Paul Travis, le fils de Amy Harmon sur scène

https://www.youtube.com/watch?v=nd9IxfAlS8M

FH : Avez-vous d’autres passions que l’écriture ?

AH : J’aime la musique et les mots. Ce sont mes deux grands amours.

FH : Lorsque vous commencez une nouvelle histoire, avez-vous besoin de vous enfermer dans votre bulle et vous couper du monde pour la coucher sur le papier ? Pouvez-vous nous parler de votre processus créatif ?

AH : J’ai 4 enfants, donc je ne peux malheureusement pas m’enfermer dans ma bulle et me couper du reste du monde, bien que cela m’aiderait extrêmement si je pouvais le faire. Je ne peux pas être trop exigeante en ce qui concerne mon temps d’écriture. J’écris par petits bouts dès que je le peux. Cela peut parfois être vraiment frustrant et, certains week-ends, je laisse mon mari avec les enfants pour me cacher dans la cave de mes parents et écrire presque non-stop afin de faire avancer mon histoire.

Le bureau où elle écrit

FH : Vous écrivez essentiellement au sujet de jeunes adultes. Pensez-vous écrire sur des adultes ou êtes-vous plus à l’aise avec les jeunes adultes ?

AH : Je trouve que la vingtaine est une période vraiment fascinante, c’est un moment vraiment charnière. Mais en réalité, je n’ai pas décidé d’écrire des histoires de jeunes adultes ou new adult. Elles sont justes celles qui me viennent plus facilement. Nous verrons bien ce que le futur apportera.

FH : Tout comme Georgia (The Law Of Moses), pouvez-vous nous citer vos 5 « greats » (NDLT : choses pour lesquelles on est reconnaissant) du jour ?

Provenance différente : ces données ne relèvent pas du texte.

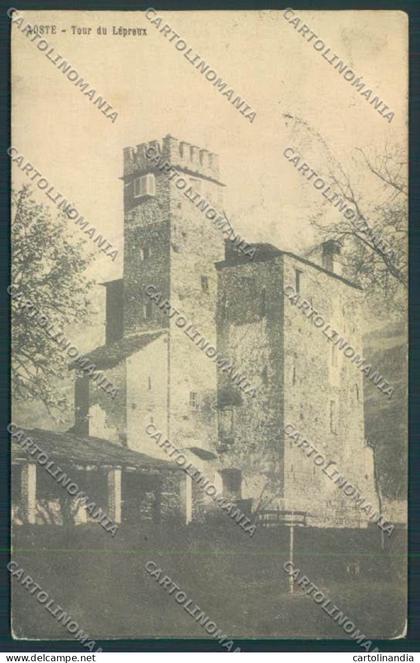Aosta città cartolina MQ3751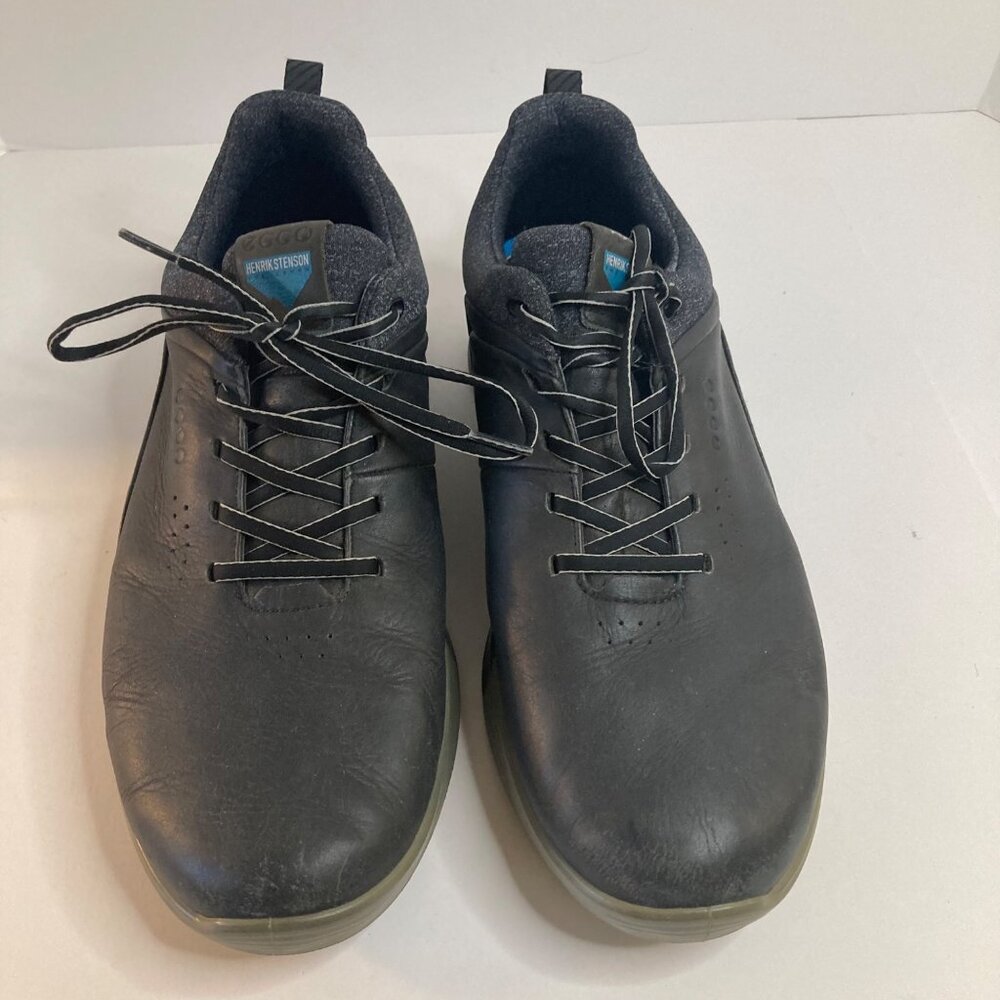 Mens Ecco S 3 Henrik Stenson The Iceman Golf Shoe Black Teal 11 - 11.5
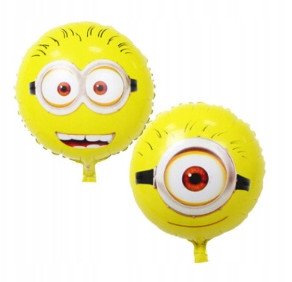 Balon Foliowy Na Hel OKRĄGŁY - MINIONKI - śr. 45cm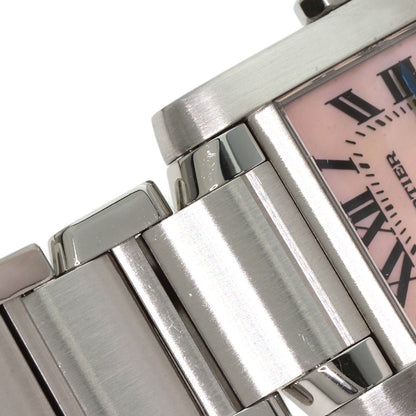 CARTIER Tank francaise SM Watches W51028Q3 Stainless Steel/Stainless Steel Ladies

AH : Mes 5 « greats » pour aujourd’hui sont : le chauffage sous mon bureau qui réchauffe mes pieds glacés, l’excitation d’une nouvelle année qui arrive, la délicieuse soupe noix de coco / curry que j’ai eue pour le dîner (ce sont des restes !), le silence dans ma maison (mes enfants sont au lit) et la nouvelle chanson Uptown Funk sur laquelle je danse tout le temps.

Amy Harmon et Sofia, une lectrice Française, en Floride en juin 2014

FH : Comment vous sentez-vous à l’approche de votre première publication française ? Je peux vous dire que Making Faces est très attendu… sans vous mettre la pression ;)

AH : Je suis impatiente, je suis tellement contente que ce titre soit publié dans la collection R. C’est très enivrant.

FH : Pouvez-vous nous dire si d’autres de vos romans sont déjà prévus en français ?

AH : Infinity + One va être publié en France. Je ne connais pas encore le titre mais il s’agit d’une histoire version moderne de Bonnie and Clyde et de leur périple à travers les US.

FH : Beaucoup d’entre nous adoreraient vous rencontrer lors d’une séance de dédicace en France. C’est quelque chose que vous pourriez envisager ? Si vous venez un jour, Paul peut-il venir avec vous ? (ceci est une requête des lectrices françaises, je suis désolée, elles m’ont obligées à poser la question !)

AH : J’adorerais venir en France ! J’espère que ça se produira ! J’ai passé un peu de temps en France lorsque j’avais 18 ans et je n’aimerais rien de plus qu’y revenir. Et peut-être que Paul pourrait venir, je suis sûre qu’il aimerait ça.